Providing early opportunities in schools for children to learn more about disability issues is also vital to improve attitudes. Many children do not have any lessons about disability issues and so this can make make them unaware or fearful about disability and how to approach the subject of disability.
I’d also like to see more of a focus on disability equality issues at university as there is so much scope to have a big impact on attitudes there. There should be more campaign weeks focusing on various issues affecting the lives of disabled people. My university held a ‘Don’t Dis My Ability Week’ but I didn’t even know about it as it wasn’t well publicised!
I’d like more integration for disabled people. I want disability being less awkward subject to discuss.

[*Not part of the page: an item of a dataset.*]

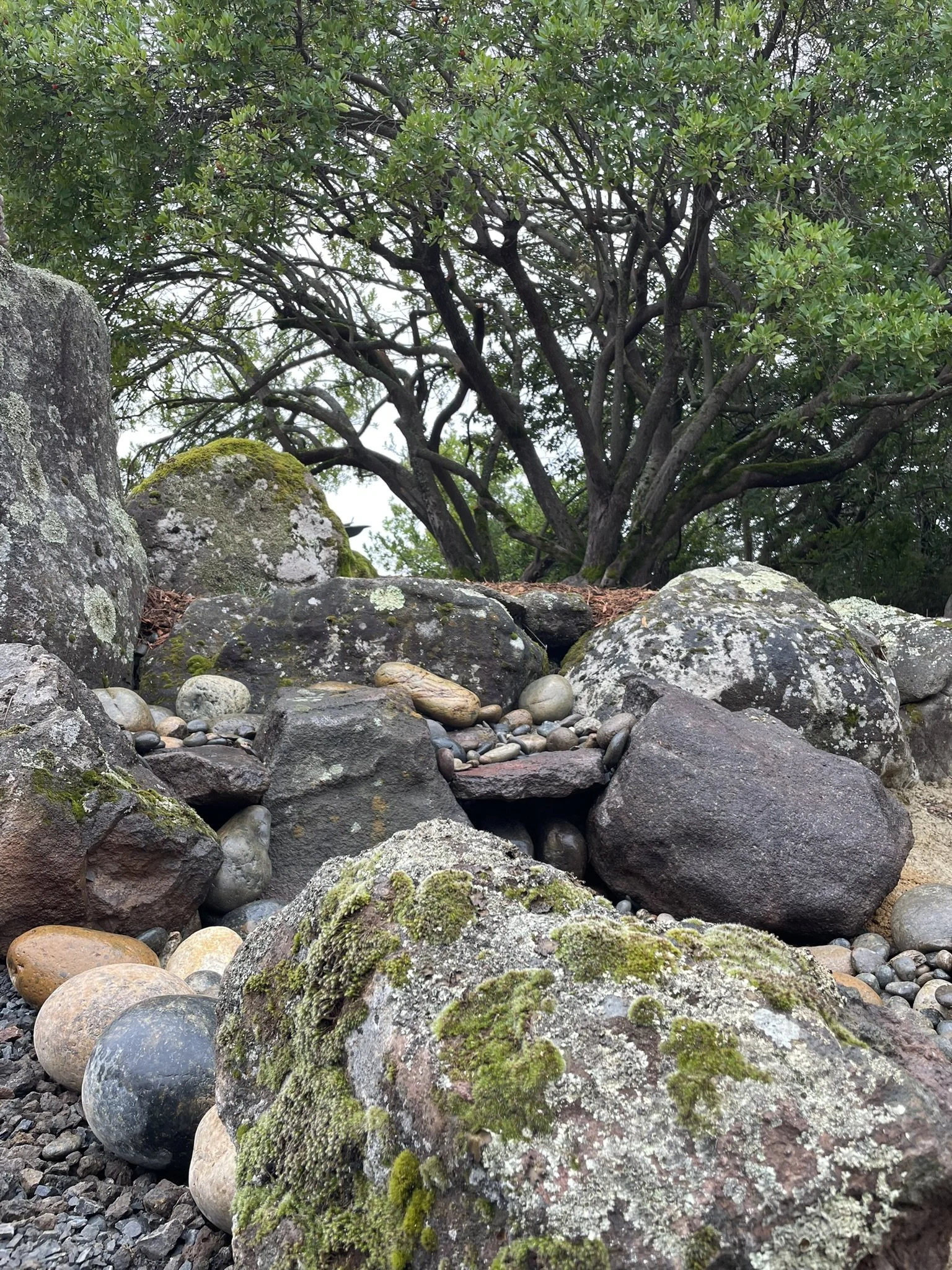 Boulders found on site used to convey stormwater runoff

I’d like us not to be talking about ‘disability issues’ by 2035. I’d like the lives of disabled people to be very much like those of non-disabled people. I don’t want to be talking about accessible transport or providing more social care support.
I don’t want to be saying that more disabled people should be able to enjoy careers like everyone else or that it’s odd for a disabled person to be in a relationship with a non-disabled person.
I don’t want disability to be an issue at all!
We all must work to make disability a part of everyday life. I know that won’t be easy, but people have always been telling disabled people they couldn’t do things and then disabled people went ahead and did them anyway.
We have to take back the reins again as those disabled people did in the ‘80s and ‘90s when they were campaigning for civil rights.
I hope a disabled person my age is able to look back with their friends and family to 2015 and wonder what all the fuss was
about and wonder why it wasn’t sorted out sooner!
Who on earth would argue against disabled people being equal?